How Much Can You Contribute to Your Medical FSA?
For each calendar year, you’re allowed to elect as much as $2,700 to your Medical FSA. That means if you’re in the 22% tax bracket, you could be saving as much as $594 in taxes annually.
In general, these are medical expenses that you paid for yourself, your spouse, or any of your tax-dependents (such as your children under age 27).
Truthfully, the range of things which count as a “qualified medical expense” are pretty wide. You can use your FSA for larger medical expenses such as:
- Office co-pays
- Medical procedures
- Eye exams and glasses
What’s not so well-known is that you can even use your medical FSA for smaller purchases that you probably don’t associate as being a typical medical expense, such as:
- Facial care
- Contact lenses
- First aid kits
- Baby care and feeding products
- And so many others!
Health-related expenses which are not covered by an FSA include insurance premium, long-term care coverage, and expenses covered by another health plan.

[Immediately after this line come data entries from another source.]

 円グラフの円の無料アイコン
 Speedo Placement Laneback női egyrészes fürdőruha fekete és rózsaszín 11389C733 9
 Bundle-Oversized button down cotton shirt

How Do I Sign-Up for an FSA?
FSA’s are an employer-sponsored benefit. Similar to a 401(k), they have to be offered through your place of employment. The best thing to do is to go talk to your local HR department and see if they offer flexible spending accounts. If your spouse works, you could check with their employer too.
Can I Contribute to an HSA Too?
No, according to the IRS, if you contribute to an FSA, then you cannot participate in an HSA (health savings account) also. From the IRS’s perspective, you’d be essentially “double-dipping” in tax benefits.

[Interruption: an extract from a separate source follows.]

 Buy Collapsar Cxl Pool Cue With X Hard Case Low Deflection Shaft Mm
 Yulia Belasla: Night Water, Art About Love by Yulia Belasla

Health savings accounts are different from FSA’s in that there is no use it or lose it rule. You still contribute tax-free money into the account and reimburse yourself as medical expenses come up. But the money stays that account indefinitely. In fact, the money can be invested and allowed to compound over the years tax free similar to your 401(k) or IRA.
But the catch with an HAS is that in order to qualify for one, you need to have medical insurance with higher than average deductibles. Depending on how often you go to the doctor or anticipate needing medical procedures, this can be a bad trade-off.
Can Both My Spouse and I Have FSA’s?
In general, no. If one spouse or the other has an FSA, then the other one cannot sign-up for one. An example of this would be that both of you could not sign up for the dependent care FSA and try to claim double the maximum amount allowed. Again, that would be double-dipping in tax-benefits.
It is possible, however, for one spouse to sign up for the dependent care FSA while the other signs up for the medical FSA. Because these two types of plans are treated separately, there would be no influence from one plan to the other.
Readers – Who uses FSA’s? How much do you save each year? What strategies do you use to get their maximum value?